**Work request:**
Please copy, exactly as they appear below, the lines from the one containing "Вътрешни щори.Зелен цвят" through the one containing "Gateway to Regional Connections".

**Given records:**
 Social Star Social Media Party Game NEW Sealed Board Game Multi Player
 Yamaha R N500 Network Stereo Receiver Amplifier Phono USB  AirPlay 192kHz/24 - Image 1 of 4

==

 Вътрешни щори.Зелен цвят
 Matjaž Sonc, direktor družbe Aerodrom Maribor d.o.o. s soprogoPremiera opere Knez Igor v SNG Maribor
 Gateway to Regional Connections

==

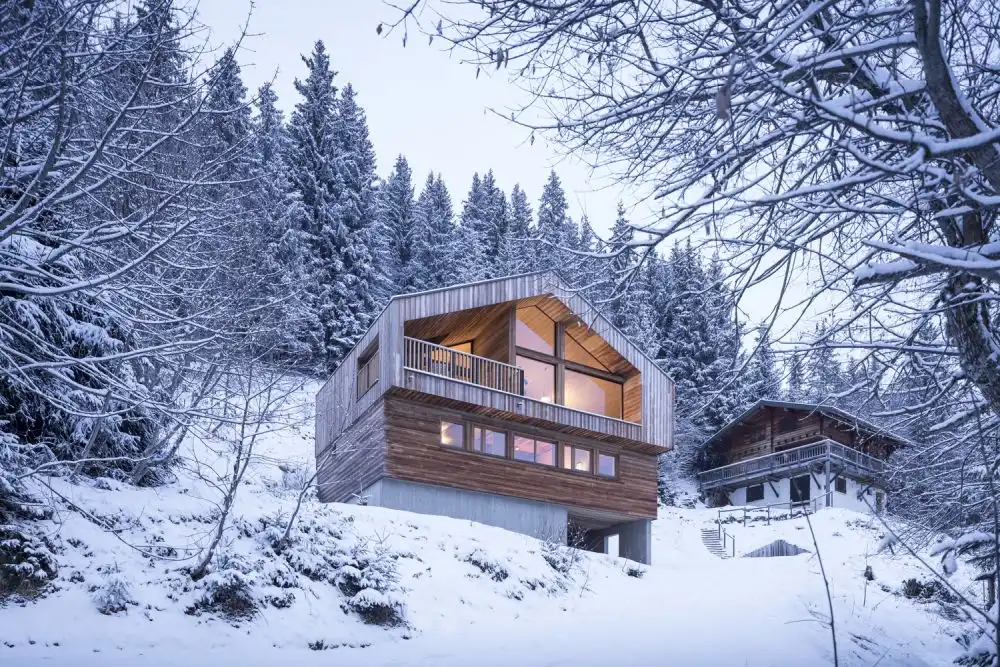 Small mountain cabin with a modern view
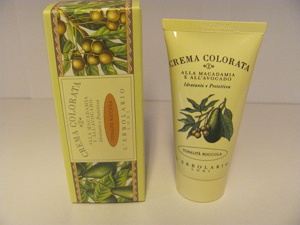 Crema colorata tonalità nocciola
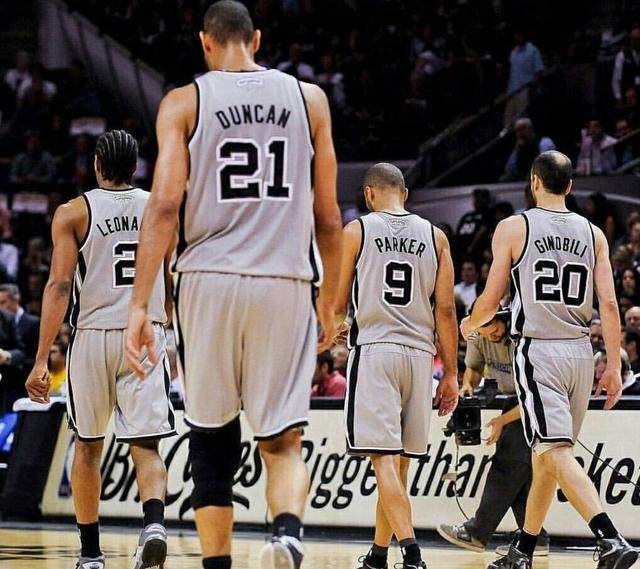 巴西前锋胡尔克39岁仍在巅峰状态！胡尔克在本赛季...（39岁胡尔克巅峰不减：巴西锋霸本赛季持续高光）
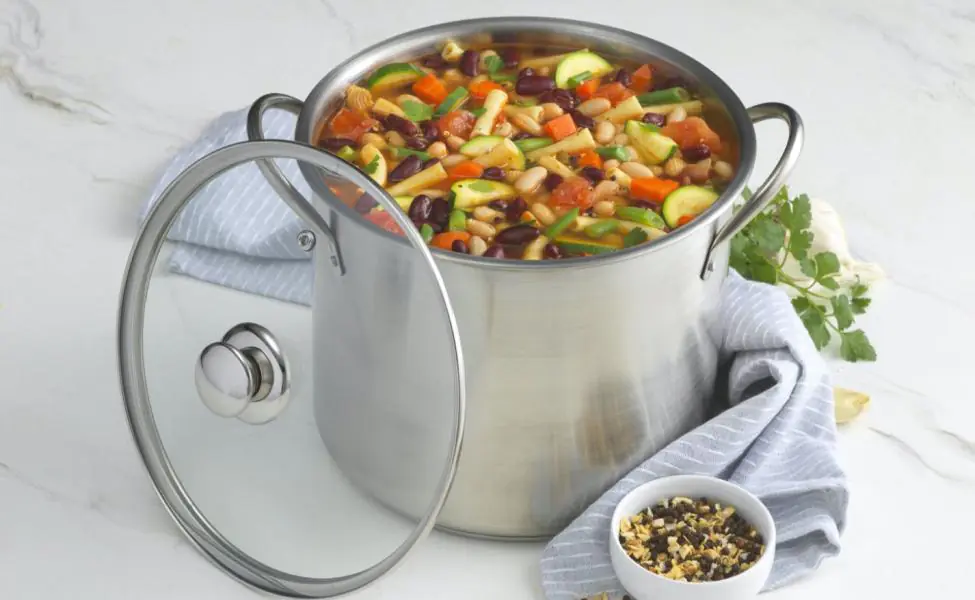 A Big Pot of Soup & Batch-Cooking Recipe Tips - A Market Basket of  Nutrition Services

**Exercise solution:**
 Вътрешни щори.Зелен цвят
 Matjaž Sonc, direktor družbe Aerodrom Maribor d.o.o. s soprogoPremiera opere Knez Igor v SNG Maribor
 Gateway to Regional Connections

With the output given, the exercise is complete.